The diffraction pattern is not formed by photons splitting up into pairs of charged particles. Unless the light has a frequency that is high enough to produce electron-positron pairs, the contribution of those virtual loops that are shown in the diagram would be negligible.
To explain the conservation of momentum here, I need to use a bit more technical language. Please bare with me.
We need to say something about the state of the light.
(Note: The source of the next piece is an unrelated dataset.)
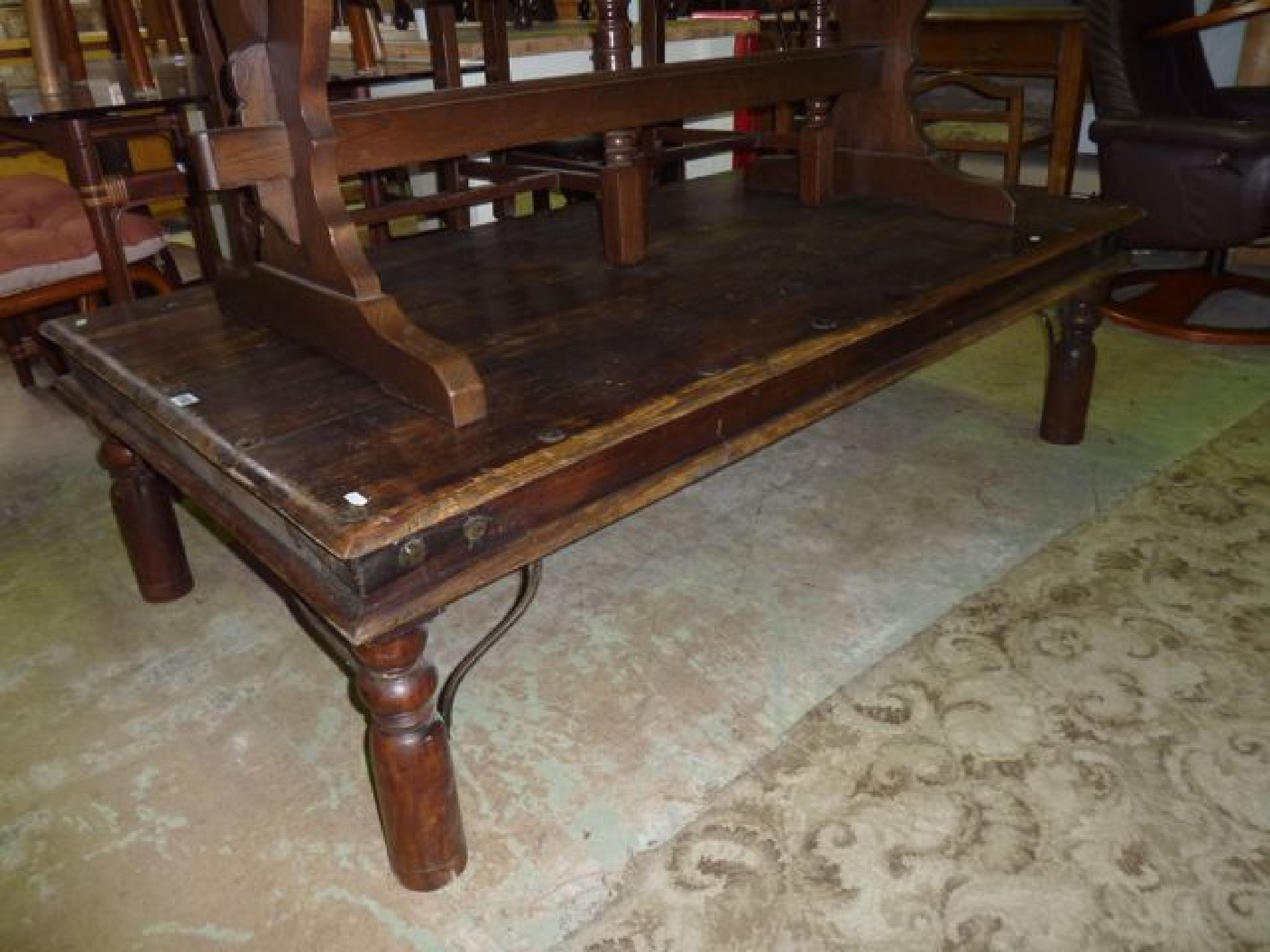 Appraisal: A substantial low Indian hardwood occasional table of rectangular form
Let's start with a single photon state, (a number state with exactly one photon) which we'll denote as $|\psi_1\rangle$. It consists of a superposition (or spectrum) of plane waves. Crudely,
$$ |\psi_1\rangle = |\mathbf{k}_a\rangle C_a + |\mathbf{k}_b\rangle C_b + |\mathbf{k}_c\rangle C_c + ... , $$
where the $\mathbf{k}$'s are the wave vectors of the plane waves and the $C$'s are complex coefficients. More accurately, we can represent it with an integral
$$ |\psi_1\rangle = \int |\mathbf{k}\rangle C(\mathbf{k}) \text{d}\mathbf{k} . $$
We can represent the screen with the two slits as a transmission function $t(\mathbf{x})$. To get the state after the screen, we need to apply an operator $\hat{T}$ that imposes this transmission function on the state. Even if the state before the screen were just a single plane wave, the transmission function would cause the state after the screen to have a spectrum of plane waves. However, the transmission function causes a loss. Therefore, the operator does not maintain the normalization. So, we would need to normalize the state afterward.
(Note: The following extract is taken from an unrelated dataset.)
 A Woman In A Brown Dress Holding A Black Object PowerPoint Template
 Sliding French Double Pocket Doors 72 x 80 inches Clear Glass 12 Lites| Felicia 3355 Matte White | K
To treat the loss correctly, we can model the screen as a beamsplitter that sends the part of the state that is blocked by the screen to a different output port where we can "trace them out." That would give us a mixed state if the original state contained $n>1$ photons (a number state with exactly $n$ photons). In such cases, the interference would be lost.
Fortunately, most experiments are done with laser light, which is represented by a coherent state, instead of a number state. Coherent states remain pure states when they suffer loss. Coherent states are parameterized by spectra, similar to the way we parameterize the single photon state, but in this case, the spectrum is not in general normalized. We'll assume that input state is given by a coherent state $|\alpha\rangle$ with a spectrum $\alpha(\mathbf{k})$.
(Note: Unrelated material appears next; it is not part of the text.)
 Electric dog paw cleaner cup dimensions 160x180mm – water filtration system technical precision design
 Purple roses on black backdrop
Now we can use this picture to address the issue of the momentum. The part of the light that passes through the slits is given by $|\alpha'\rangle$ where the spectrum is
$$ \alpha'(\mathbf{k}) = \int t(\mathbf{x})
\exp(i\mathbf{x}\cdot\mathbf{k}-i\mathbf{x}\cdot\mathbf{k}') \alpha(\mathbf{k}') \text{d}\mathbf{k}'\text{d}\mathbf{x} . $$
Note that even if $\alpha(\mathbf{k}')$ was a very narrow spectrum, the modulation with the transmission function will cause $\alpha'(\mathbf{k})$ to have a broader spectrum. On the other hand, the light that is blocked by the screen is given by $|\alpha''\rangle$
where
$$ \alpha''(\mathbf{k}) = \int [1-t(\mathbf{x})]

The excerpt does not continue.